Pengucapan fonem /e/ menjadi /E/ atau sebaliknya pada kalimat di atas menyebabkan adanya dua kemungkinan:
a.       maksud atau makna kalimat tersebut berubah sama sekali.
b.      maksud atau makna kalimat itu sulit dipahami.
Kesalahan berbahasa seperti itu merupakan kesalahan berbahasa dalam bidang fonemik.  Kesalahan berbahasa yang bersifat fonemis, terdapat nuga pada kesalahan lafal atau pengucapan fonem-fonem lainnya. Perhatikan contoh berikut:
a) kera – kerak
b) buku – buku
Dalam kenyataannya kata-kata tersebut sering salah pengucapannya sehingga mengganggu komunikasi berbahasa. Misalnya:
a.       Kerak itu mencuri pisang pak Amat.

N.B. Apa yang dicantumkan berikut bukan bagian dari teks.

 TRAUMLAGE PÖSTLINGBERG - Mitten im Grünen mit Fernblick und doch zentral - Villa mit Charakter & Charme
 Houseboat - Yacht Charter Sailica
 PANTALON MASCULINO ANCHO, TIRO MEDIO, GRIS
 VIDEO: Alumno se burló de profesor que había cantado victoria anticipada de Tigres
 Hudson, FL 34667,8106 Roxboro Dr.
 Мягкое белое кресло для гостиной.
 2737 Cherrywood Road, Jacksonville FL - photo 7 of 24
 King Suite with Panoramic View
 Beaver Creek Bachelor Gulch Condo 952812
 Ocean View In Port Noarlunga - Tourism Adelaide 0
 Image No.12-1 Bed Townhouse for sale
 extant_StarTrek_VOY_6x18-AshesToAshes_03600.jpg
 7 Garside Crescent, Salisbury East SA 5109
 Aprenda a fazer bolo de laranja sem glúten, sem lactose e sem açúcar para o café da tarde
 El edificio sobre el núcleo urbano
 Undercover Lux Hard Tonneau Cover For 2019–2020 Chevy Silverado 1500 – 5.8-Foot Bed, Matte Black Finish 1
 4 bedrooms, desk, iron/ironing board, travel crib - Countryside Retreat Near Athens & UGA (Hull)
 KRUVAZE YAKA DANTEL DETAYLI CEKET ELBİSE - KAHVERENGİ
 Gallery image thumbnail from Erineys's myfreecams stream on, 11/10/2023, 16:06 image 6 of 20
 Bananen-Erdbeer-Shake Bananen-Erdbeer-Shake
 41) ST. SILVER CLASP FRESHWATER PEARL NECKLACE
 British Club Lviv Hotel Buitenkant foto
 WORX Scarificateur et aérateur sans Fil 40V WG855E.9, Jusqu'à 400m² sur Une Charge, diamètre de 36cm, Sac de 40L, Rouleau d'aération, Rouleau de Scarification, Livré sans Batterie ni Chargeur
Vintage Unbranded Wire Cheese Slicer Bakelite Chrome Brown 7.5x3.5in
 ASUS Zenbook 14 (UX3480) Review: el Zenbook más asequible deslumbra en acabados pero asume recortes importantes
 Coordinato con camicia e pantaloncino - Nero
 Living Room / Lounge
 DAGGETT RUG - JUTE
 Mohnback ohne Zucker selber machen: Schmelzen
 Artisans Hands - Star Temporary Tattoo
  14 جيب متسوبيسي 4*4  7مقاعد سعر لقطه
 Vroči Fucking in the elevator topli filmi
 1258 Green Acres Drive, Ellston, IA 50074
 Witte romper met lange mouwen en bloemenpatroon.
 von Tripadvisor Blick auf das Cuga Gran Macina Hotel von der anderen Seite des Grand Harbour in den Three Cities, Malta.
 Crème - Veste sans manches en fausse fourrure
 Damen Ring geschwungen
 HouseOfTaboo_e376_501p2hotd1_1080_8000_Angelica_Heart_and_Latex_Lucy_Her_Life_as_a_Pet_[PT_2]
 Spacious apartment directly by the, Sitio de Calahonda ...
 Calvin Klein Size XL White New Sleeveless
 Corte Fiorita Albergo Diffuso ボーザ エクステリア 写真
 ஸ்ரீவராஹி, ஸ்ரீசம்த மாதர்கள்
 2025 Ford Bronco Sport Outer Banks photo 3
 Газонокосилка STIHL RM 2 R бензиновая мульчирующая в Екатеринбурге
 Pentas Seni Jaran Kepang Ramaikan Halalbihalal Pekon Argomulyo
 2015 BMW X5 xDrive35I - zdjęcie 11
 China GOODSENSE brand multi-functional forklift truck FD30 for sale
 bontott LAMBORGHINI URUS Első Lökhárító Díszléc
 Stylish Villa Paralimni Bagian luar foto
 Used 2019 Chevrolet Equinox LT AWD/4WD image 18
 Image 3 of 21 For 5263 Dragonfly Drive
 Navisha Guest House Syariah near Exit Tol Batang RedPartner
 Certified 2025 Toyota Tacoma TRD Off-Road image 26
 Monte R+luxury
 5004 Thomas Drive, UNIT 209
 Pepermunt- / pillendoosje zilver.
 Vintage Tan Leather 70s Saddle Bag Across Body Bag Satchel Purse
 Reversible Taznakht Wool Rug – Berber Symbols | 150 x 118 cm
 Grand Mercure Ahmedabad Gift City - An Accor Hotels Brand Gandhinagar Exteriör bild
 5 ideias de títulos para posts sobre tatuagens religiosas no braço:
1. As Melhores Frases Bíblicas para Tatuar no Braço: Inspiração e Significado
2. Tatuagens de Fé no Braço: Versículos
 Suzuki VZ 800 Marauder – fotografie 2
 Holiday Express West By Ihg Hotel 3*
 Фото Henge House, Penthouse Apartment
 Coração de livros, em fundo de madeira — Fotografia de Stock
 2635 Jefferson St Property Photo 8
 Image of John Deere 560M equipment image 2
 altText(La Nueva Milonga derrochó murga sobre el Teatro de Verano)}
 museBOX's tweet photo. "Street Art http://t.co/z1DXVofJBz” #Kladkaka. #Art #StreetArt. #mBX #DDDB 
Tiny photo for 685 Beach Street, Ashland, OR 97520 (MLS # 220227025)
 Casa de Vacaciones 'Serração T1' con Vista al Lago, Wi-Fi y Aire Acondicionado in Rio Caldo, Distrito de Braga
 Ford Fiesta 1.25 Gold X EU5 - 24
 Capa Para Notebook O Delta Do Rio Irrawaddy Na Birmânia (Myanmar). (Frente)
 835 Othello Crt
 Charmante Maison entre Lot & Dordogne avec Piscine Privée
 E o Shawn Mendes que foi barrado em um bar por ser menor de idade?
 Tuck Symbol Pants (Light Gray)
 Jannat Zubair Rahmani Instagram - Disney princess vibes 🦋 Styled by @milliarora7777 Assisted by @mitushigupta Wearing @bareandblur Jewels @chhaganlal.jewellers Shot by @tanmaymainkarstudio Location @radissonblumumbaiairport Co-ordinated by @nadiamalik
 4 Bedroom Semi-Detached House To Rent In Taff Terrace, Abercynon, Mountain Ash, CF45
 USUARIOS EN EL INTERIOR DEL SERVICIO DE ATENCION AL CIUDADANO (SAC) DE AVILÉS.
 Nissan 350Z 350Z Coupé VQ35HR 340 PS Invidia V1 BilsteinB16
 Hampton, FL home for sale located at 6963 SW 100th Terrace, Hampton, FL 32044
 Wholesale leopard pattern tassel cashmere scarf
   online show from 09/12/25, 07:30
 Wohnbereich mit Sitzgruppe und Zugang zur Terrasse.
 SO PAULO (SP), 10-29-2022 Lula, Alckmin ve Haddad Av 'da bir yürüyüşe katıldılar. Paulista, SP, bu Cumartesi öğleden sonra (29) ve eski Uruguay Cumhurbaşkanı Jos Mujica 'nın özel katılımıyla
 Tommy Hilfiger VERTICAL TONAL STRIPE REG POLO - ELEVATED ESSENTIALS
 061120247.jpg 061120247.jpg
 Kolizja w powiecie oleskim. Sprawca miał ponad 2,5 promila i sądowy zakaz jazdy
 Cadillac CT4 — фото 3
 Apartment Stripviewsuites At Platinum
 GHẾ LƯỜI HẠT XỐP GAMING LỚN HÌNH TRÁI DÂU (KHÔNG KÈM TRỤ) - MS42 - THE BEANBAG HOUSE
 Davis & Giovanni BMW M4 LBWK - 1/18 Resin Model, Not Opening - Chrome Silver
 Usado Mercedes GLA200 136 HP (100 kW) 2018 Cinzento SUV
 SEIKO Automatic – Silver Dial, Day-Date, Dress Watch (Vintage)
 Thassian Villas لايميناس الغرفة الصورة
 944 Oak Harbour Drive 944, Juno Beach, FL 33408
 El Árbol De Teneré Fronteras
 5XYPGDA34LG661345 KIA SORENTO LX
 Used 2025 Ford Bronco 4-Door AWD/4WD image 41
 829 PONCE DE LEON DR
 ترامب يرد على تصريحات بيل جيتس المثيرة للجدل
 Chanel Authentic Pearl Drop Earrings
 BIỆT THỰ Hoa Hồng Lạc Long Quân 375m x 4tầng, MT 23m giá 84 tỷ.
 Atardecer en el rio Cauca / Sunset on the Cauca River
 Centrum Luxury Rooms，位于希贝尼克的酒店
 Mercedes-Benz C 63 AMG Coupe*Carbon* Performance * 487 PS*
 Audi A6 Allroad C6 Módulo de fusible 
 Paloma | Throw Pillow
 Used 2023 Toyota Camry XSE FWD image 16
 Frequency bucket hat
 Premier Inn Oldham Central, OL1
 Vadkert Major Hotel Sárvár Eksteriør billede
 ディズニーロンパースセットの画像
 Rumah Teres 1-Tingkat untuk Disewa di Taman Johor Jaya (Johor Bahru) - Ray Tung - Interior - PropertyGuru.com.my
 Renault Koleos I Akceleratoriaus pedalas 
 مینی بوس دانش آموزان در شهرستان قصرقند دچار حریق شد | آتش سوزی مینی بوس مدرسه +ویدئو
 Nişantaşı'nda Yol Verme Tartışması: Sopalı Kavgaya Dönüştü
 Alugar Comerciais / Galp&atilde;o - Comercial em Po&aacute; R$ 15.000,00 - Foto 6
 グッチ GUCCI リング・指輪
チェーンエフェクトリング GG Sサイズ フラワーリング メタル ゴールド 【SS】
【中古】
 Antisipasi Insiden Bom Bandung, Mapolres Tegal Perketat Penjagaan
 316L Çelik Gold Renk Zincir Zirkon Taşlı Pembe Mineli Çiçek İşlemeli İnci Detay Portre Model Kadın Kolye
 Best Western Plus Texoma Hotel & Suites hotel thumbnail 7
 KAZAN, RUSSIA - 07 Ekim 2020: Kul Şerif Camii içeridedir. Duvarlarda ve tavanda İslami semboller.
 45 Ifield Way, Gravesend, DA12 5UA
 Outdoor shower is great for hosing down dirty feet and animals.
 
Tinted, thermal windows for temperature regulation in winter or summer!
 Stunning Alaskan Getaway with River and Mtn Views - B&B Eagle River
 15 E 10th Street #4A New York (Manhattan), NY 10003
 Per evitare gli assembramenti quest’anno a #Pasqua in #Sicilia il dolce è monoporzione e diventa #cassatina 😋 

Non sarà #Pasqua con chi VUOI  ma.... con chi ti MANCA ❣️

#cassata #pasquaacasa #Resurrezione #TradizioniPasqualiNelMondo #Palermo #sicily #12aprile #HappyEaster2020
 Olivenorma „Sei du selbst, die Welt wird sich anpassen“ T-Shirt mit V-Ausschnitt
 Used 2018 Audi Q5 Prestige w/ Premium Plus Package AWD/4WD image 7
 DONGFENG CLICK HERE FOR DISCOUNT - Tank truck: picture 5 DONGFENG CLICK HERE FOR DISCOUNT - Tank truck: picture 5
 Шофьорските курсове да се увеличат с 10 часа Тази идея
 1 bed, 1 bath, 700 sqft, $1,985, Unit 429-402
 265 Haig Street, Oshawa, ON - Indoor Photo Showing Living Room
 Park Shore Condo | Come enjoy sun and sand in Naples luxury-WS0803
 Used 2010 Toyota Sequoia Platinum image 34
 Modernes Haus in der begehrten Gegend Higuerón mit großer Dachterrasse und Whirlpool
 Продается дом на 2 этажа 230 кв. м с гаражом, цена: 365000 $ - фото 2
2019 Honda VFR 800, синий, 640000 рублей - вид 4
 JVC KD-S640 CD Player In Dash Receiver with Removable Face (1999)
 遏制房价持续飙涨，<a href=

b.      Ibu senang membaca buku.
Jika kita analisis kata kerak terbentuk dari morfem kera. Di samping bentuk kera terdapat pula bentuk kerak. Bentuk yang pertama mempunyai dua macam makna yaitu:
Kera: monyet, terutama yang berekor panjang. Maknanya mengacu pada kata kerak yaitu lapisan yang kering (keras) atau hangus yang melekat pada benda lain.
Dilihat dari makna yang pertama, pemakaian kata kerak pada kalimat di atas tidak tepat. Dilihat dari makna kedua, kalimat di atas lebih tepat menggunakan kata kera dari pada kerak karena menunjukkan lapisan yang kering (keras) atau hangus yang melekat pada benda lain.
Makna kata tahu seperti pada contoh “Kami tahu pentingnya kebersihan lingkungan” ditentukan oleh jelas tidaknya pelafalan bunyi  /h/. Apabila bunyi tersebut diucapkan dengan jelas, kata tersebut adalah kata serapan yang berasal dari cina. Makna kata tersebut adalah sejenis makanan yang terbuat dari kacang kedelai. Bila /h/ pada kata tersebut diucapkan lemah, maka kata itu berarti paham, mengerti, dan lain-lain. Oleh karena itu, pengucapan  /h/ pada kata tahu seperti kalimat di atas sebaiknya dilafalkan secara lemah.
Pengucapan bunyi /h/, /kh/, dan /k/ secara fonetis sering dikacaukan pemakaiannya. Kekacauan ini dapat pula menimbulkan pengucapan yang bersifat fonemis. Kata has, khas, kas diucapkan dengan lafal yng tidak jauh berbeda. Tetapi dalam peristiwa berbahasa ketig ucapan itu dipertukarkan, tidak mustahil akan terjadi kekacauan makna atau maksud pembicaraan.